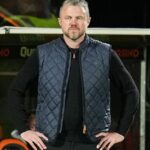 Aberdeenský manažér Jimmy Thelin bojuje o svoju budúcnosť po sklamanom začiatku sezóny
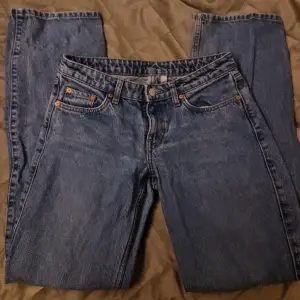 Aldrig använt sen jag köpte dom . Vanliga blåa jeans lite ljusblåa i färgen och dom är low waist 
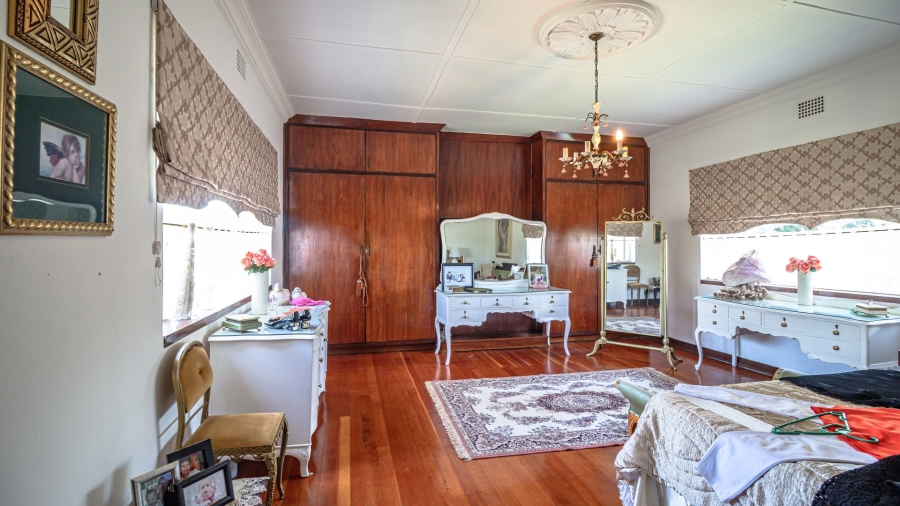 5 Bedroom Property for Sale in Dalview Gauteng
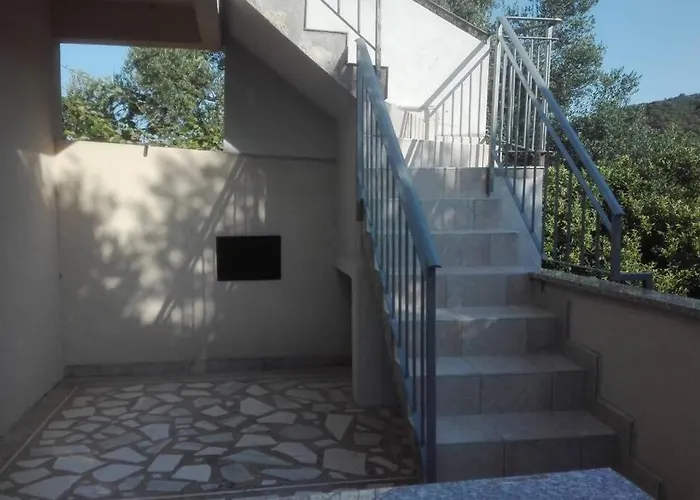 One Bedroom With Two Terraces In An Orchard * Mrljane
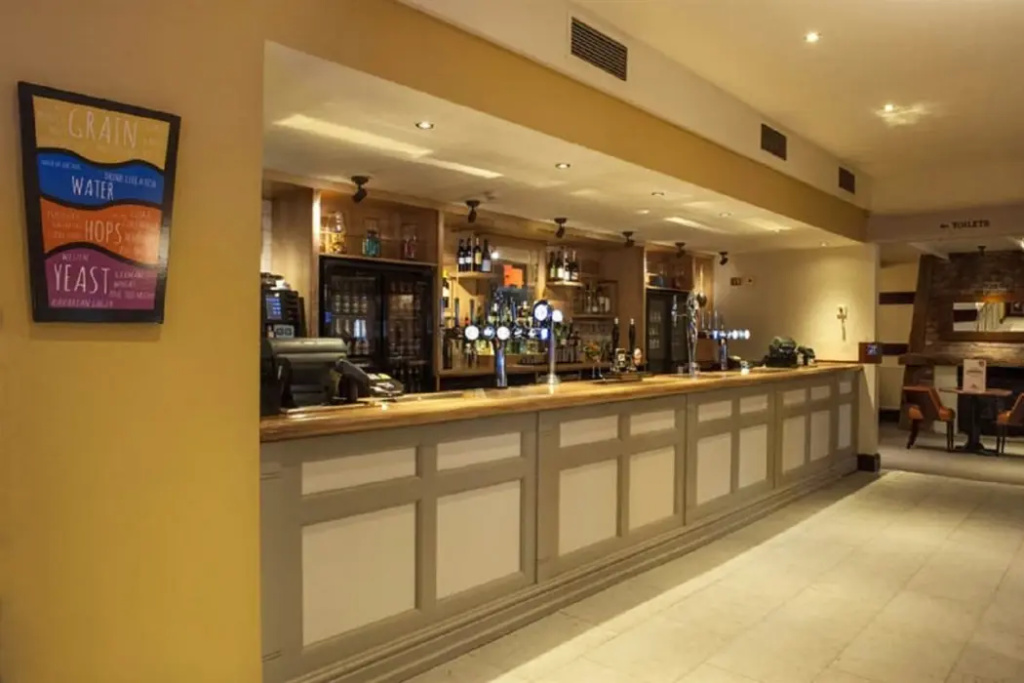 Premier Inn Solihull (Hockley Heath, M42) - фото 25
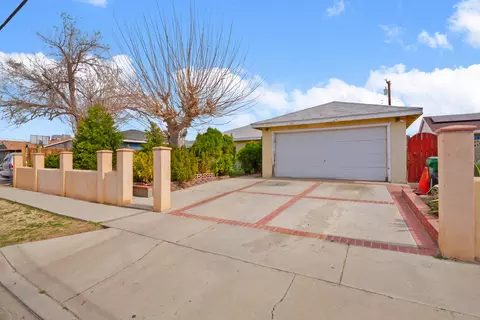 38550 35th St E, Palmdale, CA 93550 photo 2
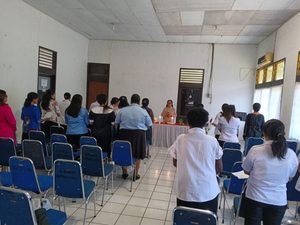 Ibadah Dharma Wanita Dinas Komunikasi dan Informatika Kabupaten Nabire Mempererat Kebersamaan dan Nilai Kerohanian
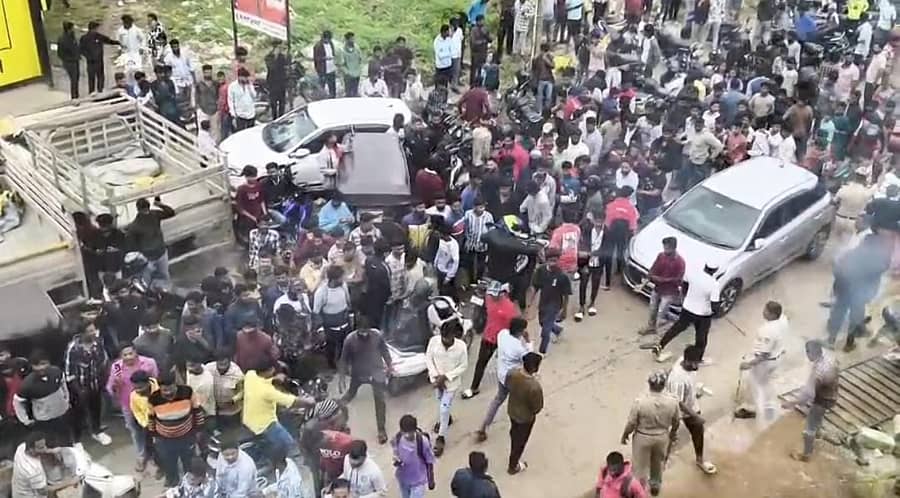 ಹಾಸನದ ಉದಯಗಿರಿಯ ಬಟ್ಟೆ ಅಂಗಡಿಯ ಎದುರು ಸೇರಿದ್ದ ಜನರನ್ನು ಪೊಲೀಸರು ಚದುರಿಸಿದರು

=== About this task ===
Repeat, exactly and only, the lines from the one containing "Aldrig använt sen" through the final line of the data, both ends included, leaving out any picture.

=== Answer box ===
 Aldrig använt sen jag köpte dom . Vanliga blåa jeans lite ljusblåa i färgen och dom är low waist 
 5 Bedroom Property for Sale in Dalview Gauteng
 One Bedroom With Two Terraces In An Orchard * Mrljane
 Premier Inn Solihull (Hockley Heath, M42) - фото 25
 38550 35th St E, Palmdale, CA 93550 photo 2
 Ibadah Dharma Wanita Dinas Komunikasi dan Informatika Kabupaten Nabire Mempererat Kebersamaan dan Nilai Kerohanian
 ಹಾಸನದ ಉದಯಗಿರಿಯ ಬಟ್ಟೆ ಅಂಗಡಿಯ ಎದುರು ಸೇರಿದ್ದ ಜನರನ್ನು ಪೊಲೀಸರು ಚದುರಿಸಿದರು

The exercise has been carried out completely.